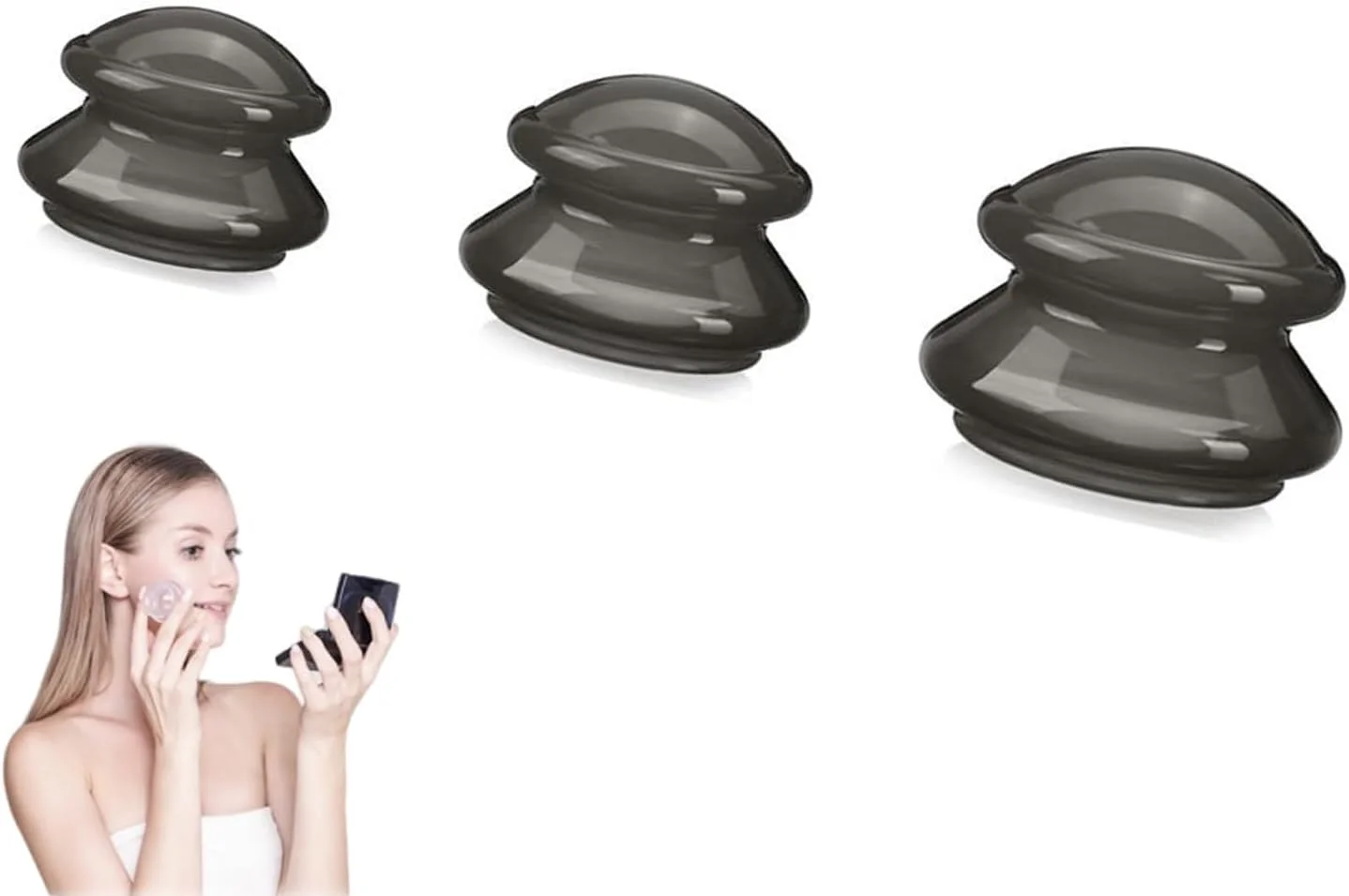 مجموعه حجامت درمانی، 3 فنجان ماساژ ضد سلولیت، مجموعه های حجامت درمانی طب سوزنی قابل حمل، فنجان حجامت سیلیکونی، برای تسکین درد عضلات و مفاصل فیزیوتراپی (مشکی) مجموعه حجامت درمانی، 3 فنجان ماساژ ضد سلولیت، مجموعه های حجامت درمانی طب سوزنی قابل حمل، فنجان حجامت سیلیکونی، برای تسکین درد عضلات و مفاصل فیزیوتراپی (مشکی)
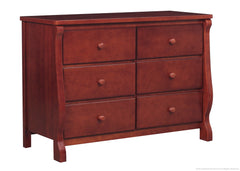 Delta Children Cabernet (648) Canton / Eclipse Dresser Side View f2f
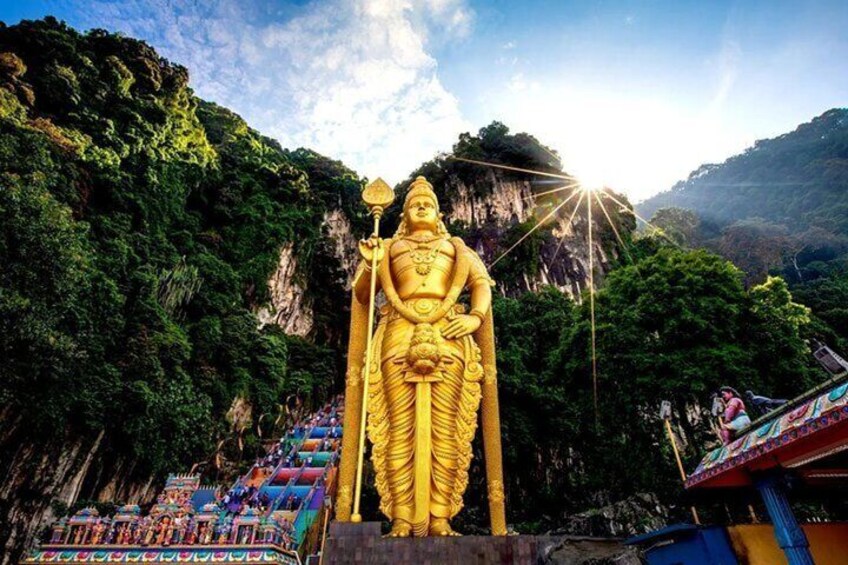 City Tour with Batu Caves, Hot Springs, and Waterfalls Adventure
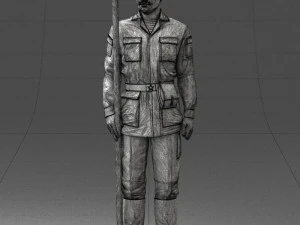 000113 Soviet Soldier in Field Uniform 0116 3dp 3D Print Model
* * * * * * * * *
_Task statement:_ Please transcribe each line above exactly, but leave the images out.

_Exercise result:_
 مجموعه حجامت درمانی، 3 فنجان ماساژ ضد سلولیت، مجموعه های حجامت درمانی طب سوزنی قابل حمل، فنجان حجامت سیلیکونی، برای تسکین درد عضلات و مفاصل فیزیوتراپی (مشکی) مجموعه حجامت درمانی، 3 فنجان ماساژ ضد سلولیت، مجموعه های حجامت درمانی طب سوزنی قابل حمل، فنجان حجامت سیلیکونی، برای تسکین درد عضلات و مفاصل فیزیوتراپی (مشکی)
 Delta Children Cabernet (648) Canton / Eclipse Dresser Side View f2f
 City Tour with Batu Caves, Hot Springs, and Waterfalls Adventure
 000113 Soviet Soldier in Field Uniform 0116 3dp 3D Print Model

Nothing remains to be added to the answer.